Dissing the jobless



Pennsylvania Republican gubernatorial candidate Tom Corbett has rightly sparked a controversy with his Friday lament about how jobless people would supposedly prefer to suck for eternity on the public teat rather than seek an honest day's pay. In Corbett's words, "The jobs are there. But if we keep extending unemployment, people are just going to sit there." Hence, his exhortation to the jobless: "Get off your duffs and go to work."

It's probably a waste of cyberspace to detail the obvious - that millions of jobless people would clearly prefer to be working full-time with health benefits, as opposed to sinking into despair at home with no such benefits and a weekly unemployment check capped in Pennsylvania at roughly $560 (with the more typical stipend at $310); that, on average nationwide, there are five active job seekers for every opening (and a far worse ratio for the quality openings); and that these unemployment checks at least give the jobless an opportunity to function as consumers and prime the economic pump (a new study by Moody's Analytics concludes that each dollar spent by the government on jobless pay yields an overall return of $1.61 for the economy).

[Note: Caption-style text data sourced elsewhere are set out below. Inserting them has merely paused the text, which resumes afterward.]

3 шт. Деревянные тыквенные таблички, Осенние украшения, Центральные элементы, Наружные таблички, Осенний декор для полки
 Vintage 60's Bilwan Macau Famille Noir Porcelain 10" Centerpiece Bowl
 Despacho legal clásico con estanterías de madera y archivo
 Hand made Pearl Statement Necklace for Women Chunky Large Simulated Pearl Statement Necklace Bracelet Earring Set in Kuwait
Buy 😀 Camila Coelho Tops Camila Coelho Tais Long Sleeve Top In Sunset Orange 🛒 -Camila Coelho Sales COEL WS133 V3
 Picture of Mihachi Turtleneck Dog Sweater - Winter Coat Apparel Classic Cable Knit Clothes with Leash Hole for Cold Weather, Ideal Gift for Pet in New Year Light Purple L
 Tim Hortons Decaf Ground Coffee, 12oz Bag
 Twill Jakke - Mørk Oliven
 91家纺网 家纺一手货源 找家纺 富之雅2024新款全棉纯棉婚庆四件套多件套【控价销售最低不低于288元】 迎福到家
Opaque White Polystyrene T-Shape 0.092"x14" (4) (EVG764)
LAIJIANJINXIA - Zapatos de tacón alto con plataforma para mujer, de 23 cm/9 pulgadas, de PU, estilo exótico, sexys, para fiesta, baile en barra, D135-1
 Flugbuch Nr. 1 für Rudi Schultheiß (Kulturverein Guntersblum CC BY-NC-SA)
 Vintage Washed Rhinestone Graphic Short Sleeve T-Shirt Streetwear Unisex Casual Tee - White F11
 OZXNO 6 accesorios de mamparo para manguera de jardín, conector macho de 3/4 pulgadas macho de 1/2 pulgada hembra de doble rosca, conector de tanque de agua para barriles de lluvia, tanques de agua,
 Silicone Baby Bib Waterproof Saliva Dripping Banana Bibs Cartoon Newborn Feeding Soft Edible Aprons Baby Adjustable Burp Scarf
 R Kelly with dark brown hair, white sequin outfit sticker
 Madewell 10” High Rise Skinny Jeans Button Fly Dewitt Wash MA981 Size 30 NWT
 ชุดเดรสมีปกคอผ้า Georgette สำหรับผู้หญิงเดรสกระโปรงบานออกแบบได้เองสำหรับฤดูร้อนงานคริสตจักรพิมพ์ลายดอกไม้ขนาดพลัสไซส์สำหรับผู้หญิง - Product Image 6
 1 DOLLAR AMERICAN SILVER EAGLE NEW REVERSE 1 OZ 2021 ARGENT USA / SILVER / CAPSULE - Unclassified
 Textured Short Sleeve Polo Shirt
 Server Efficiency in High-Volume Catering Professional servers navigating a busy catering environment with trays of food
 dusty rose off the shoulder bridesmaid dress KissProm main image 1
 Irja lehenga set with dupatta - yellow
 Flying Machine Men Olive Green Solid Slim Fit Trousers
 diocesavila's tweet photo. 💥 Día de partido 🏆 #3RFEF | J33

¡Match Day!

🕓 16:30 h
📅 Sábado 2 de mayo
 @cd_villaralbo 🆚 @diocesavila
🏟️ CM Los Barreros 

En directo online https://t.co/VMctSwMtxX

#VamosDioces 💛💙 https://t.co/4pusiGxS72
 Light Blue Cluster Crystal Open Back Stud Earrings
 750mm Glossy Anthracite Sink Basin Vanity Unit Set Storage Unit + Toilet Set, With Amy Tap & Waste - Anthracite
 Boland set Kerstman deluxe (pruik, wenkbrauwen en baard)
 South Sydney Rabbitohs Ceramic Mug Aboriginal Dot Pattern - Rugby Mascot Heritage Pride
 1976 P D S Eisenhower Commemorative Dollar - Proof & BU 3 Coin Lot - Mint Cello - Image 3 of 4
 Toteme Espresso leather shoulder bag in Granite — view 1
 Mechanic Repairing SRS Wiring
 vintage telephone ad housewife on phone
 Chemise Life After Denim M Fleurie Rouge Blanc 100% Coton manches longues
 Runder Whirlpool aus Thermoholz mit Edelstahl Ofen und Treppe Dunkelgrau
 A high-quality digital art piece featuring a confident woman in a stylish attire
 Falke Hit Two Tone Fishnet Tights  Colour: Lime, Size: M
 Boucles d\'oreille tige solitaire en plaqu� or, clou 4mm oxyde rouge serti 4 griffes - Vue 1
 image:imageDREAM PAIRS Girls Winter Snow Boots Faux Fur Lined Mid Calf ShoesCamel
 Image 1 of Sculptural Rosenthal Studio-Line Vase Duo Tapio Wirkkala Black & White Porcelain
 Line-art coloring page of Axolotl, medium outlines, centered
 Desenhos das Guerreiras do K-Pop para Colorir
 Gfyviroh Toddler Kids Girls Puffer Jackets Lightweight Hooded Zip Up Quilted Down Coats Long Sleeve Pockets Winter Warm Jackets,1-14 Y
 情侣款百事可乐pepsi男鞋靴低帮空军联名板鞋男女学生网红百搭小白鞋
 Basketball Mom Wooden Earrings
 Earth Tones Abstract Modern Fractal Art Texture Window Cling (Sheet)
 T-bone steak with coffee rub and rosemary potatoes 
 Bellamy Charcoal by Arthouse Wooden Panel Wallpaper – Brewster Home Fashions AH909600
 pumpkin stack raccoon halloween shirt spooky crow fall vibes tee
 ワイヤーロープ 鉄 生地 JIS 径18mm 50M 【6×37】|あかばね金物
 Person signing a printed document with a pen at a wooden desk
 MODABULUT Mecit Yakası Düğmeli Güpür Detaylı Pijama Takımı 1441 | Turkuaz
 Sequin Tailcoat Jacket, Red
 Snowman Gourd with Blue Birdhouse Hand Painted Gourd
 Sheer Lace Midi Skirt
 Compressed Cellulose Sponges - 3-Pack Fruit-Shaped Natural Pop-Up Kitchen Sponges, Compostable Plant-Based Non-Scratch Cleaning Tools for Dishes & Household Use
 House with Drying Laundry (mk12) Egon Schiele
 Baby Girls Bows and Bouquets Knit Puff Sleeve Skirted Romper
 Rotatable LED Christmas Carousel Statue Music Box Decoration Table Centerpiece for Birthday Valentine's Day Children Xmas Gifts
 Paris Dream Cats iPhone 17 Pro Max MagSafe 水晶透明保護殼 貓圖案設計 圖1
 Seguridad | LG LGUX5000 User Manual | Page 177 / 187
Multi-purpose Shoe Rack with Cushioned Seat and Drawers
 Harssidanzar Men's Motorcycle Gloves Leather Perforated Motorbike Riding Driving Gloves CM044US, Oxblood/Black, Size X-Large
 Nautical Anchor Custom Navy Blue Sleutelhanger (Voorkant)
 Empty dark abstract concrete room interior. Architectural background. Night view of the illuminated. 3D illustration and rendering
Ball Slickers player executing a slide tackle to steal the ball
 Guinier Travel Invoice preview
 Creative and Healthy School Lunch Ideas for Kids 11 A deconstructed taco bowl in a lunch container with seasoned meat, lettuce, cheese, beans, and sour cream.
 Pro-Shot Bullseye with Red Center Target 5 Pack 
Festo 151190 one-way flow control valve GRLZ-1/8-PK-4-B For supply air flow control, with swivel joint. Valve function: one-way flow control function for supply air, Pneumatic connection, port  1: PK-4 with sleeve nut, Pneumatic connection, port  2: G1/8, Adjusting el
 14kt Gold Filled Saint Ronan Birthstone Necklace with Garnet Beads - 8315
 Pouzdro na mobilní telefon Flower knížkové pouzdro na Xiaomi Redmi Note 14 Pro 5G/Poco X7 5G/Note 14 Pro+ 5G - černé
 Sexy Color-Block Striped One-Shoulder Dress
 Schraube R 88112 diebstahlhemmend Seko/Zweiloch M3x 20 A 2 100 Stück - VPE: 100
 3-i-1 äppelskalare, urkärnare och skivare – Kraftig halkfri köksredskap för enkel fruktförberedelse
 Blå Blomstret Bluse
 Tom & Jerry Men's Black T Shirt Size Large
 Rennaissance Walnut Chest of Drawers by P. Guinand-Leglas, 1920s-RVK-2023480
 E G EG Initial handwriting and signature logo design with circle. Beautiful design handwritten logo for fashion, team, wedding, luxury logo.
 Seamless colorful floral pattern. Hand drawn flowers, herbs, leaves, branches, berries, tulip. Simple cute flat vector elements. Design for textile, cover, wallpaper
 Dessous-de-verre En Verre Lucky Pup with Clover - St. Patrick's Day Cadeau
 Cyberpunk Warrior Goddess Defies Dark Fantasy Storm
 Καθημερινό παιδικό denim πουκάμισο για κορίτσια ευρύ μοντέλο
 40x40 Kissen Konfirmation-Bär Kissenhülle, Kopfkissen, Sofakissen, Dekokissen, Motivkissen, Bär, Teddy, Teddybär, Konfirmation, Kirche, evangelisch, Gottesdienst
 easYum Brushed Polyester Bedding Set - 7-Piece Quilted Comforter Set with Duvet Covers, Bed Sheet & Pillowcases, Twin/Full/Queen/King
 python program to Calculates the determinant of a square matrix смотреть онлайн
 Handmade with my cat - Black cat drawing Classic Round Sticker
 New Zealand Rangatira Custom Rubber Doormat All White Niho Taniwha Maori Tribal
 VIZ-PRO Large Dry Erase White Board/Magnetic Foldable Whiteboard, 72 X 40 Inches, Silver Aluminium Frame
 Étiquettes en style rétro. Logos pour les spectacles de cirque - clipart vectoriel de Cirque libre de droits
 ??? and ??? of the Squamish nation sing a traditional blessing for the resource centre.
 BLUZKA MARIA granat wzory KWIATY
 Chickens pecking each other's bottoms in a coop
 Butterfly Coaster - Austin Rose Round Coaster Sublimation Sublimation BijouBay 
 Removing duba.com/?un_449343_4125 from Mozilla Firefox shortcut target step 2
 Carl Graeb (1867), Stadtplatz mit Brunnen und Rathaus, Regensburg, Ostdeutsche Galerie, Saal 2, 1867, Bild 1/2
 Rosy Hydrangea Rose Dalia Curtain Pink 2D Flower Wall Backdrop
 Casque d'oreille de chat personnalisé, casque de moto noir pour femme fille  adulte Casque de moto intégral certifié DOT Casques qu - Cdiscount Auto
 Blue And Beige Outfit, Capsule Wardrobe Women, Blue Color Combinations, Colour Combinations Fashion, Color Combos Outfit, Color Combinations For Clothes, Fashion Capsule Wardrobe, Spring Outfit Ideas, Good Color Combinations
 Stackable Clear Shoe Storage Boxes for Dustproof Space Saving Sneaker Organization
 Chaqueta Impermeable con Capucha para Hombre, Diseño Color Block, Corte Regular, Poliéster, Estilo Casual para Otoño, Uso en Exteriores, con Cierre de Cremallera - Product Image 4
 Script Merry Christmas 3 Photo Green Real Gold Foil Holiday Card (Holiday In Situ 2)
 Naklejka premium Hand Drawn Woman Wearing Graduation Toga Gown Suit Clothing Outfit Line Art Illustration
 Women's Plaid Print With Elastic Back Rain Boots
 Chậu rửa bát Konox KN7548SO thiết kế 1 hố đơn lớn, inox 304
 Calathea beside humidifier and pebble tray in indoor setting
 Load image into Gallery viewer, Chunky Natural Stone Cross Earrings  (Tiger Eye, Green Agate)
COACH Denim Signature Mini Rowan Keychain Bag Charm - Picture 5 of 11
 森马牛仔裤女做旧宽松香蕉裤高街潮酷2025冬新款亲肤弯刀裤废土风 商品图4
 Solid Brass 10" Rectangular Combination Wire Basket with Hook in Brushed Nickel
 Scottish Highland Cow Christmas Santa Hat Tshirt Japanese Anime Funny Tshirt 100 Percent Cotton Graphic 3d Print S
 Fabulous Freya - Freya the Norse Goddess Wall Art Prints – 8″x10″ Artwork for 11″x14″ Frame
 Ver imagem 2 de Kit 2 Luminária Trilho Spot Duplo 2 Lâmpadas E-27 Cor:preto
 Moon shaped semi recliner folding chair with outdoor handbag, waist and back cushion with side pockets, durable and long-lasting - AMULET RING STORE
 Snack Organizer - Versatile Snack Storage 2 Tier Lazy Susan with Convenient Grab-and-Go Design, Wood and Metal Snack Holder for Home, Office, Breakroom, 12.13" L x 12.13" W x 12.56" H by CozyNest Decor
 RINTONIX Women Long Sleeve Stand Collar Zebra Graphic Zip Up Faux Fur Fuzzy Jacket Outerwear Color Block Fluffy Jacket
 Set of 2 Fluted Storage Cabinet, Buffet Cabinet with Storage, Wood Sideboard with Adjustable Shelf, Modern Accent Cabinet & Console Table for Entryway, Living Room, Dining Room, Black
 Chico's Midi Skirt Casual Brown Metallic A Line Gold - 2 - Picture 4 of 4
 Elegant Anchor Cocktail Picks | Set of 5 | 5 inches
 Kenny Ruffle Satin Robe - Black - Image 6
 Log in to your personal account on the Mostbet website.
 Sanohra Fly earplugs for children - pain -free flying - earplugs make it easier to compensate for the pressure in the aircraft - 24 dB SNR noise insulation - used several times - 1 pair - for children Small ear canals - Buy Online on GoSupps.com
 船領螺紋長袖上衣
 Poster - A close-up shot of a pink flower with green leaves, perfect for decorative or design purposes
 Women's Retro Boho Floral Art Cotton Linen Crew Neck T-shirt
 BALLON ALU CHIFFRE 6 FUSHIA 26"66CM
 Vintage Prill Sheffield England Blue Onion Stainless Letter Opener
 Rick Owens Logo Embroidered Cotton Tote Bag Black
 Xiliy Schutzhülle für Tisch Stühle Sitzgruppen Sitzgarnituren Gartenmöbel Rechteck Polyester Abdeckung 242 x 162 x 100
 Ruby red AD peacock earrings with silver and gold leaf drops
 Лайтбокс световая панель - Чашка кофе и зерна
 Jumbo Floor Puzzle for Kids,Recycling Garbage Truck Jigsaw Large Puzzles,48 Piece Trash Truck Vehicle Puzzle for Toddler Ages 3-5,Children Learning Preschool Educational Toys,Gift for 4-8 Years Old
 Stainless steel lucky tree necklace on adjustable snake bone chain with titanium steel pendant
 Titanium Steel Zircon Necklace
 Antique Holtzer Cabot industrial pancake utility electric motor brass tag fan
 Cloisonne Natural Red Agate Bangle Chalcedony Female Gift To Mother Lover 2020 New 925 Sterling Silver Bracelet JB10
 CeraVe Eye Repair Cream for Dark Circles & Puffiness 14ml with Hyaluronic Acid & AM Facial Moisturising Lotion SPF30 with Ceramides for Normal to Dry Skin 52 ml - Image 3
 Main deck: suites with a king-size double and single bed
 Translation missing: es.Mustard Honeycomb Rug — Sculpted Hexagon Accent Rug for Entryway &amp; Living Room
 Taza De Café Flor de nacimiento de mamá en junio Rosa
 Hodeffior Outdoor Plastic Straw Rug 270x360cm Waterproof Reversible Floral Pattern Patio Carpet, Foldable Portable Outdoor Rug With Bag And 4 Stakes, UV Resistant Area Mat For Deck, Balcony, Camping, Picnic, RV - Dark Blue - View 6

So let's just look at the politics. Bottom line, Corbett's basic narrative about shiftless slackers is fully in sync with his party's fundamental 'tude. Among other examples, Nevada Senate candidate and tea-party heroine Sharron Angle insists that the long-term jobless are "spoiled," House member Dean Heller has condemned them as "hobos," Senator Orrin Hatch has suggested that jobless people applying for extended benefits should first be required to pass a drug test (jobless = junkies), and Senator John Kyl says that the jobless shouldn't get extended benefits because those benefits make the federal deficit worse (by contrast, this weekend Kyl told Fox News Sunday that tax cuts for the wealthy should be extended, even if they make the federal deficit worse). All of this explains why Senate Republicans (joined by Democratic Sen. Ben Nelson, whose state of Nebraska enjoys a 4.9 percent jobless rate) have blocked the latest push to extend benefits for those on verge of being cut off.

It would appear - at first glance, anyway - that the Republican stance toward the jobless is wildly at odds with the prevailing public mood. In the latest Washington Post-ABC Poll, this question was posed: "Because of the economic downturn, Congress has extended the period in which people can receive unemployment benefits, and is considering doing so again. Supporters say this will help those who can't find work. Opponents say this adds too much to the federal budget deficit. Do you think Congress should or should not approve another extension of unemployment benefits?"

The percentage of those who said that Congress should again extend benefits: 62. The percentage of those opposed: 36.

Even 43 percent of self-identified Republicans (and 57 percent of self-identified moderate/liberal Republicans) are in the Yes camp, apparently buying the basic argument voiced yesterday by a spokesman at the Pennsylvania Department of Labor and Industry: "People are not getting rich off of unemployment. They are not putting money in the bank. It's keeping food on the table and a roof over their heads."

But what's striking is that the aforementioned Republican candidates and lawmakers seem not to fear that their Marie Antoinette let-them-eat-cake rhetoric will backfire at the ballot box. The Post-ABC survey only measures general public sentiment, not the sentiment of those who seem most motivated to vote in November. And those with the greatest enthusiasm - notably, tea-party conservatives who (studies show) are more affluent than the norm - generally buy the GOP's harsh caricature.

To borrow Tom Corbett's terminology, the real question is whether diehard Democrats will get off their duffs and go to the polls en masse in November, or whether they're too demoralized by the current state of play. The GOP's willingness to diss the jobless is proof that they anticipate a decisive conservative turnout.